Demand for past tales of the Expanded Universe will keep them in print, presented under the new Legends banner. 
On the screen, the first new canon to appear will be Star Wars Rebels. In print, the first new books to come from this creative collaboration include novels from Del Rey Books. First to be announced, John Jackson Miller is writing a novel that precedes the events of Star Wars Rebels and offers insight into a key character's backstory, with input directly from executive producers Dave Filoni, Simon Kinberg, and Greg Weisman. 
And this is just the beginning of a creatively aligned program of Star Wars storytelling created by the collaboration of incredibly talented people united by their love of that galaxy far, far away....


To summarize:

-The Expanded Universe is effectively getting a refresh.

-The six live-action films and the 2008 Clone Wars TV series are now the only "past" stories considered to be absolute canon.

-Moving forward, ALL Star Wars stories, including films, TV series, novels, comics, video games, will ALL work together as one single canon.

-Future Star Wars stories can and will lift elements from past EU stories, bringing them forward into the new canon.

-Past EU stories will remain in print, now with the "Legends" banner to denote their separate-canon nature.


As someone who's read quite a few Star Wars novels, plenty of comics, and played nearly all the video games, I'm entirely cool with this. Yes, it definitively puts the "non-canon" label on the 35-year history of the EU, but that doesn't mean that the story "didn't happen"; it only means that future stories will be different. And that's fine. Honestly, I don't think I would want the Star Wars sequel films to be mere adaptations of old novels, or need to dodge and weave between hundreds of post-Return of the Jedi storylines in order to tell an original story.

One thing that's nice to see is how reverent Lucasfilm is being towards the EU even in spite of the new status of canon.

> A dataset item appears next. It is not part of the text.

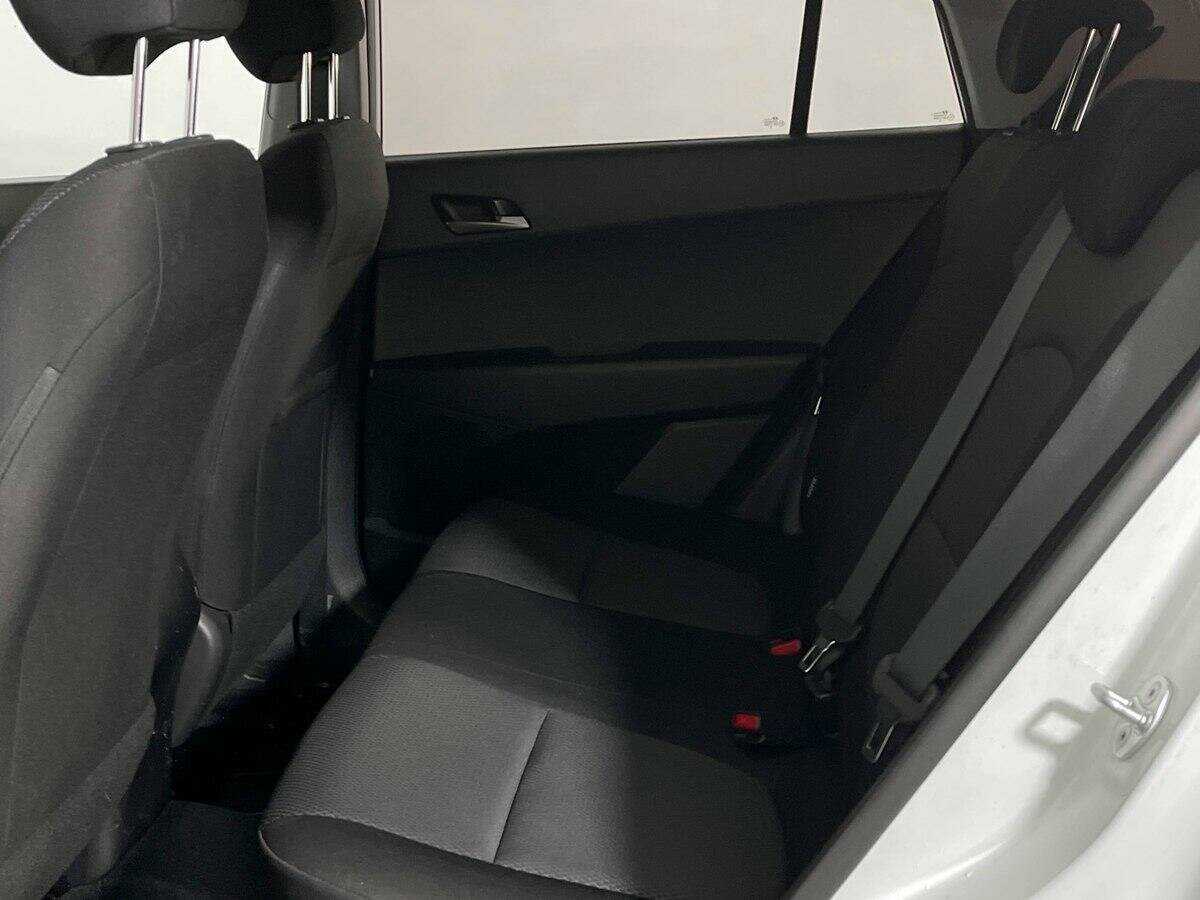 Hyundai Creta с пробегом — 2017 год. Фото: #7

They even put out a video that's essentially a montage of Lucasfilm employees gushing about the EU.





This "reset" or "reboot" of continuity is something that honestly needed to happen. George Lucas was never particularly willing to work with EU authors in the past, and as a result, the EU and film canon grew in different directions. Now that Post-ROTJ stories are being told in film, it's time to honestly re-evaluate what's best for the entire saga.

What I find most exciting about this announcement is the fact that from this point forward, every single Star Wars book is just as "real" as any Star Wars film. We can now read new Star Wars books and know for certain that what we're reading matters to the entire saga.

They've already announced the lineup of new novels coming out over the next couple of years:


The first book, A New Dawn, is a direct prequel to the upcoming TV series, Star Wars: Rebels. Heir to the Jedi is a Luke Skywalker story written in first-person and set between ANH and ESB. Lords of the Sith is a teamup story where the Emperor and Vader join forces. Tarkin is... about Tarkin, I guess.

I can't wait to read these new books. As a matter of fact, I completely plan on reading each and every Star Wars novel from now on. After all, if there's no gigantic backlog of books to go through (as there currently is with the past EU), why not start right now, at square one?

It's a very exciting time to be a Star Wars fan.